Dallas Airport: The Massive Cost of JPEG2000By: Carlton Purvis, Published on May 01, 2013
The Love Field Modernization Program (LFMP) is an ongoing $519 million dollar project to upgrade Dallas Love Field Airport that has received significant mass media attention. Renovations include security upgrades that LFMP hopes will provide capability to screen passengers more thoroughly with less intrusive techniques. To do that the airport said it wanted a surveillance system that could read license plates from afar and zoom in to polo shirt logos [link no longer available]. In this note, we review the airport’s $3 million surveillance contract, an example how the cost of a contract can increase substantially when using JPEG2000.
IPVM obtained a copy of the 45 page 2011 contract, including a detailed parts/price breakdown for the Avigilon surveillance equipment, totaling $2.77 million USD. The project included 500+ IP cameras of which 48 where 16MP and the rest where between 1 and 5MP. All part numbers are for the JPEG2000 versions of Avigilon cameras.
[UPDATE: The 5MP and under Avigilon JPEG2000 models were discontinued as of March 28, 2013.]

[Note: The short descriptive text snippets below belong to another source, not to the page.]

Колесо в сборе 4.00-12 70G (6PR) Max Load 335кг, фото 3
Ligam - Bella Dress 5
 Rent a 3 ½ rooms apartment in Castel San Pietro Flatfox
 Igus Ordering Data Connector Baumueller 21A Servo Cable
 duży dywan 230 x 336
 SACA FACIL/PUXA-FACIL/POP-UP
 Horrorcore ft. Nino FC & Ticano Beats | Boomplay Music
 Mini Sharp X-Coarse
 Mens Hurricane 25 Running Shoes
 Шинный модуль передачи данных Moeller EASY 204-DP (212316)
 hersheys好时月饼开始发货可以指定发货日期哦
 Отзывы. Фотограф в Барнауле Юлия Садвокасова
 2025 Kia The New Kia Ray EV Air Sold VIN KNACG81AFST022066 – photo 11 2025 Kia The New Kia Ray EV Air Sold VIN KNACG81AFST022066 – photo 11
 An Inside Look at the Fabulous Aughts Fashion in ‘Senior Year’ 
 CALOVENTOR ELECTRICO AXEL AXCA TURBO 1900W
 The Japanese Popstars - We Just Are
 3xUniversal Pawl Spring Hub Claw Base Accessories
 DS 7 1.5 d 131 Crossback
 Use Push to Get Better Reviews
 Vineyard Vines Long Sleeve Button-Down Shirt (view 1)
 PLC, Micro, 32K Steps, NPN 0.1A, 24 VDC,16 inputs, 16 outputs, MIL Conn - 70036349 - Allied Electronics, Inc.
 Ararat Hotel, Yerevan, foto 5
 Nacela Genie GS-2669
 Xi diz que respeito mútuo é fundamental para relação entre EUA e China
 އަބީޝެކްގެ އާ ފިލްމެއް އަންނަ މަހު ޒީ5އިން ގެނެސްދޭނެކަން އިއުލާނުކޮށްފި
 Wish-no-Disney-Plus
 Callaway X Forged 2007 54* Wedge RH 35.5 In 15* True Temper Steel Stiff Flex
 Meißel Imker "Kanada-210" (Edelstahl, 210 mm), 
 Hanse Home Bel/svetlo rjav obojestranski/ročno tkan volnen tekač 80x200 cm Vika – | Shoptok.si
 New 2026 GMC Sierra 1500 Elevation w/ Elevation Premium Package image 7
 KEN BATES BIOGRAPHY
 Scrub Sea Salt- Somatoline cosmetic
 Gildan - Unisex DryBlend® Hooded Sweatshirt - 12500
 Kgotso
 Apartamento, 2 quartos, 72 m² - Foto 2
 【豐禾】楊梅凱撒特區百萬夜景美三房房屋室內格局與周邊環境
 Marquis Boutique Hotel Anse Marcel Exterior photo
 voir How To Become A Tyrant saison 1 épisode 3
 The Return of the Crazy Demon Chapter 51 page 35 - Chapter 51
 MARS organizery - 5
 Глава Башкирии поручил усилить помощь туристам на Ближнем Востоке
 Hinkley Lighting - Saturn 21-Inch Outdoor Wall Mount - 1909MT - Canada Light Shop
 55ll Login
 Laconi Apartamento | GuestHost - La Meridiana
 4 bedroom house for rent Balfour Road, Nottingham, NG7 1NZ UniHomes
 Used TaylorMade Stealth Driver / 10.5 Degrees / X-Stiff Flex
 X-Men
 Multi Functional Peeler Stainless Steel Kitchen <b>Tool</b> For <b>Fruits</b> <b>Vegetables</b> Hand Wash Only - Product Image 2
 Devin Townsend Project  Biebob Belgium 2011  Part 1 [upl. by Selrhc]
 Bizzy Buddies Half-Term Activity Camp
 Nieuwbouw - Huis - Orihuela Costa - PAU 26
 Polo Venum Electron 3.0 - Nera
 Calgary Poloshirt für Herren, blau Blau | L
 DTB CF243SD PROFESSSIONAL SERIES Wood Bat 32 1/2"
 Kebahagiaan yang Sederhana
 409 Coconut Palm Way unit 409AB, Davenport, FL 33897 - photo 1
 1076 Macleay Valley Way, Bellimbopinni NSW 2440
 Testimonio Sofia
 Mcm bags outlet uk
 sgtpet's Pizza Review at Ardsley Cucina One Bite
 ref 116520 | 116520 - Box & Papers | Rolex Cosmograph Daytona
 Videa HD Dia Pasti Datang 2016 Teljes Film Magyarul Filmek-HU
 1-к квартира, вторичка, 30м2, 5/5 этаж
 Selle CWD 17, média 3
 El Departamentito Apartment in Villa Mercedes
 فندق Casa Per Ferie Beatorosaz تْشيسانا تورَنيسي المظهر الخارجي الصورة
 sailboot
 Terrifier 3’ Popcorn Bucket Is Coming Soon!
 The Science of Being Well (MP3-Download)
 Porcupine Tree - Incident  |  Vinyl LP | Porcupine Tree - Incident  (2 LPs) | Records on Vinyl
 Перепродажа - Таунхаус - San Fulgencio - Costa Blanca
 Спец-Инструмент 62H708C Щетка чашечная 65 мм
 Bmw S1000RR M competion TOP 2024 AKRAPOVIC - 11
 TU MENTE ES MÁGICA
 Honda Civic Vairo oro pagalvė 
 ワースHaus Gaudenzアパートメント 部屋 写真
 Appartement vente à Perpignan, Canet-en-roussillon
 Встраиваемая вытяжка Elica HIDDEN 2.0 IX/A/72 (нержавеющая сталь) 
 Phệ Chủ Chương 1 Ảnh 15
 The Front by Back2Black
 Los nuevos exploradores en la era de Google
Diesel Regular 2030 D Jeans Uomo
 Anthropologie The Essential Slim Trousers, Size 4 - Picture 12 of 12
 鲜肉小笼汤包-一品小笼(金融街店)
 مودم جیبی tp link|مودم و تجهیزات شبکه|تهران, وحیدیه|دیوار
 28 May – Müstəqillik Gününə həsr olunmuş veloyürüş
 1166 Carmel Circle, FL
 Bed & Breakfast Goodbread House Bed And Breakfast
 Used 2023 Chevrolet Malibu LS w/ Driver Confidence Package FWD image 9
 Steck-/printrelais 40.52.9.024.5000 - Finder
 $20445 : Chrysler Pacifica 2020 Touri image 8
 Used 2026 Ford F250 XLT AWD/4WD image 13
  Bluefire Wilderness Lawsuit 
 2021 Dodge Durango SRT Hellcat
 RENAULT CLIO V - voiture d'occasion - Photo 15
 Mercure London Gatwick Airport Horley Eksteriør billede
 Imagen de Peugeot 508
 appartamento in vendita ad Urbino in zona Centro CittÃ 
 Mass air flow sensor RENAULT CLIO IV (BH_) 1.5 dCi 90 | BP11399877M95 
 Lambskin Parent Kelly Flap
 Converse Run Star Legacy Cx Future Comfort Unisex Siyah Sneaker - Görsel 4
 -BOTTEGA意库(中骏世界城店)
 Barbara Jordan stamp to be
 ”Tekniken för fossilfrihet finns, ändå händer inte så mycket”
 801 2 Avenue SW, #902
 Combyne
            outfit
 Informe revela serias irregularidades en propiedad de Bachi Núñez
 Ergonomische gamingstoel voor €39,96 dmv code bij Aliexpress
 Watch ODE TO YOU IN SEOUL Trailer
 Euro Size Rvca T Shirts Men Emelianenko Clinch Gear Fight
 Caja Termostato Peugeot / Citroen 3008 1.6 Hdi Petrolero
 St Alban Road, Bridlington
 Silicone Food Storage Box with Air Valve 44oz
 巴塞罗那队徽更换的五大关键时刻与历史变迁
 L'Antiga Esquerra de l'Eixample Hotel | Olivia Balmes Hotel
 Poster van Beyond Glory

In addition to the cameras, 48 Avigilon servers with 10TB of storage each were purchased for $292,118.40 as well as 17 additional Avigilon / Dell storage arrays of 77TB each for $1.47 Million. VMS licenses were an additional ~$97,000 and licenses to integrate with the GE access control system were another ~$75,000.
Storage Cost Analyzed
These metrics show how large the server / storage component and cost were:
- ~$3,000 was spent per camera just for server/storage
- ~3TB per storage was used per camera
- For every 16 cameras, ~48TBs of storage was used
- 60% of the total surveillance equipment cost went to servers/storage
- ~10 IP cameras per server (~500 IP cameras for 48 servers)
- 1,700+ TBs were used for the ~500 cameras (10TB x 48 servers + 777TB x 17 storage arrays)
What clearly drove this cost was the use of JPEG2000. With H.264 cameras, either Avigilon's more recent HD (non PRO) cameras (where JPEG2000 has been dropped) or third party cameras, we expect the price of the project to drop by $1 million or more. IPVM tests of Avigilon's JPEG2000 cameras showed a routine bandwidth increase of 10x over similar resolution/fps H.264 cameras. On the other hand, the PRO cameras, like the (48) 16MP cameras, still require JPEG2000.
The industry, as a whole, has 'standardized' on H.264, and this contract shows the high cost of choosing less bit rate efficient codecs such as JPEG2000 or MJPEG.
We contacted airport officials for additional information about why the LFMP chose JPEG2000, but they declined saying, “For the safety and security of the airport, personnel and travelers, we do not comment on security measures being utilized at Dallas Love Field."
Note: Compression choice is highly unlikely to have any impact on safety and security.
We reached out to Avigilon for comment, but calls and emails were not returned.